Mount Parnassus is a mountain of limestone in central Greece that towers above Delphi, north of the Gulf of Corinth, and offers scenic views of the surrounding olive groves and countryside. According to Greek mythology, this mountain was sacred to Dionysus and the Dionysian mysteries; it was also sacred to Apollo and the Corycian nymphs, and it was the home of the Muses. The mountain was also favored by the Dorians. It is suggested that the name derives from parnassas, the possessive adjective of the Luwian word parna meaning house, or specifically temple, so the name effectively means the mountain of the house of the god.
Parnassus is one of the largest mountainous regions of Mainland Greece and one of the highest Greek mountains.

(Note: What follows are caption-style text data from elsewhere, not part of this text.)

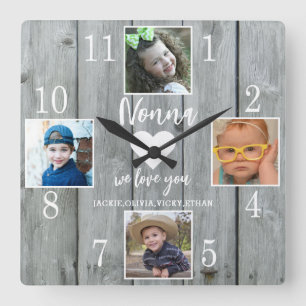 4 Photo Rustic Grey Wood Love You Nonna Grandkids Square Wall Clock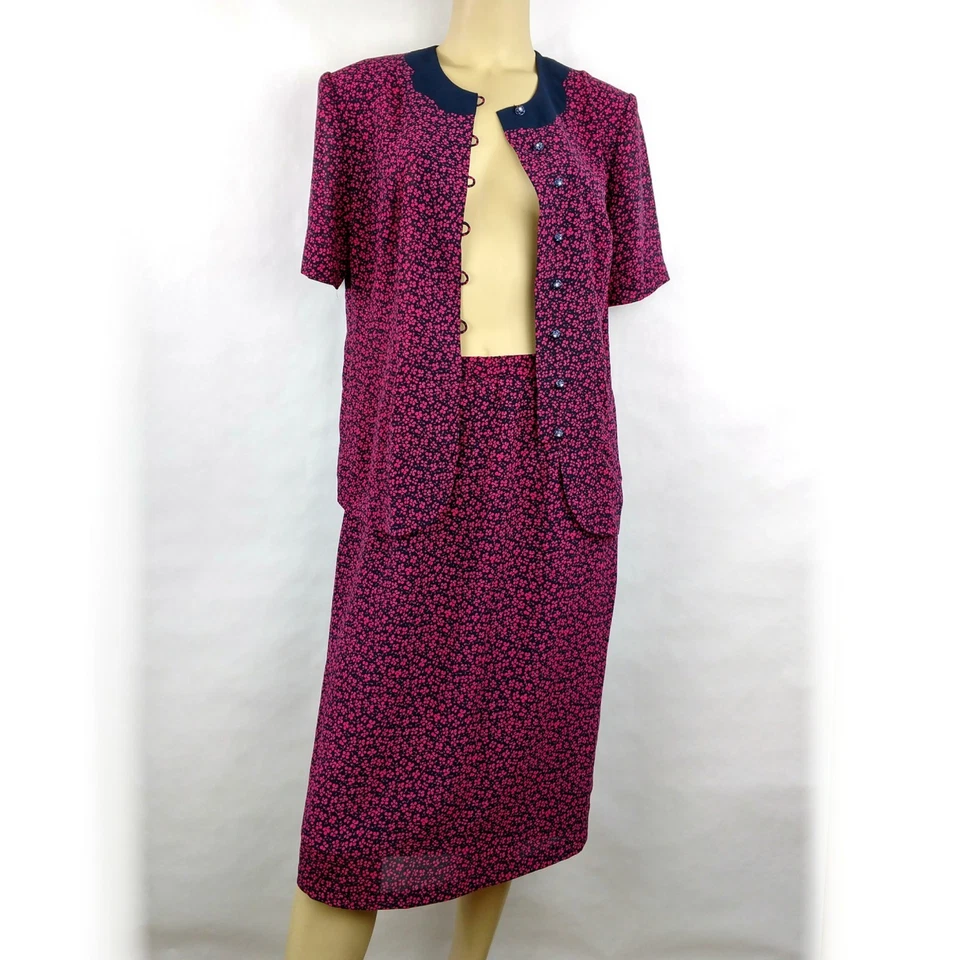 ROSE ORIGINAL DESIGN Floral blue 2 piece Skirt Top Dress Vintage size Womens 16 - Imagem 2 de 4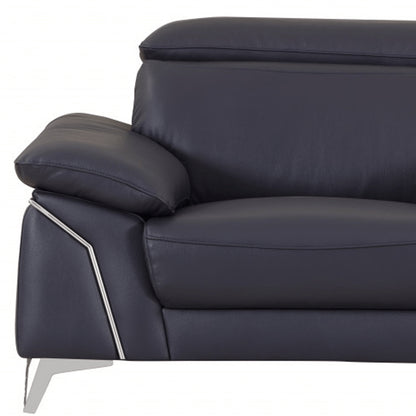 Three Piece Indoor Blue Italian Leather Six Person Seating Set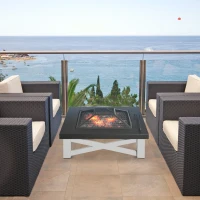 Outsunny Outdoor 3 in 1 Square Fire Pit Brazier with BBQ Grill, Metal Large Firepit with Lid, Log Grate, Poker for Backyard, Camping, Bonfire, Wood Burning Stove, 86 x 86 x 38cm, Black(m-10)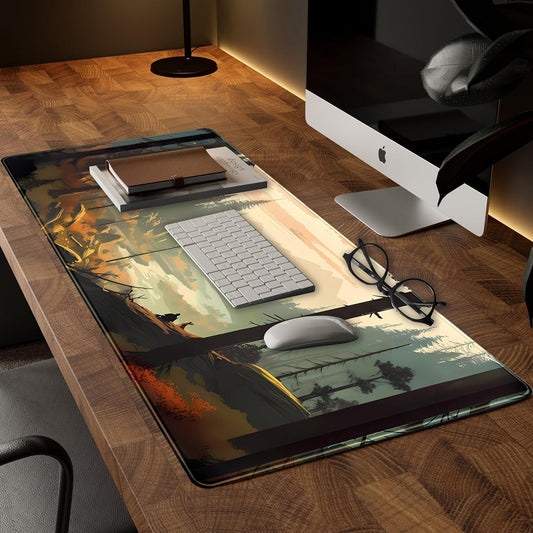 Desk Mat Gaming Desk Pad Valleys, Forest Mouse Pad XXL Extended Large Mouse and Keyboard Mat, Computer Desktop Mat with Non-Slip Base & Stitched Edges, Aesthetic Nature Desk Decor 31.5" x 15.7"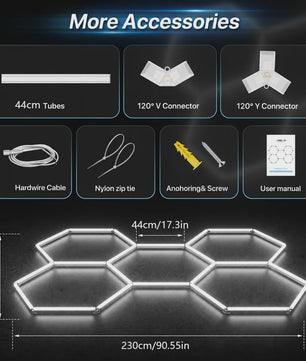 Modulaire Hexagonale LED Plafondlamp - Superhelder 6500K Koel Wit Licht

It spreads over three municipalities, namely of Boeotia, Phthiotis and Phocis, where its largest part lies. Its altitude is 2,457 meters and its highest peak is Liakouras. To the Northeast it is connected to Giona and to the south with Kirphe. Its name is due to the homonymous hero of the Greek mythology, son of Cleopompus and Cleodora, who had built on the mountain a city which was destroyed in the Deluge of Deukalion. Etymological analysis, however, shows a prehellenic origin of the name, relating it to the Pelasgians, and it appears to be from the Anatolian language Luwian.
The mountain is delimited to the east by the valley of the Boeotian Kephissus and to the West by the valley of Amfissa. The geological particularity of Parnassus is its rich deposits of bauxite, which has led to their systematic mining since the end of the 1930s, resulting in ecological damage to part of the mountain.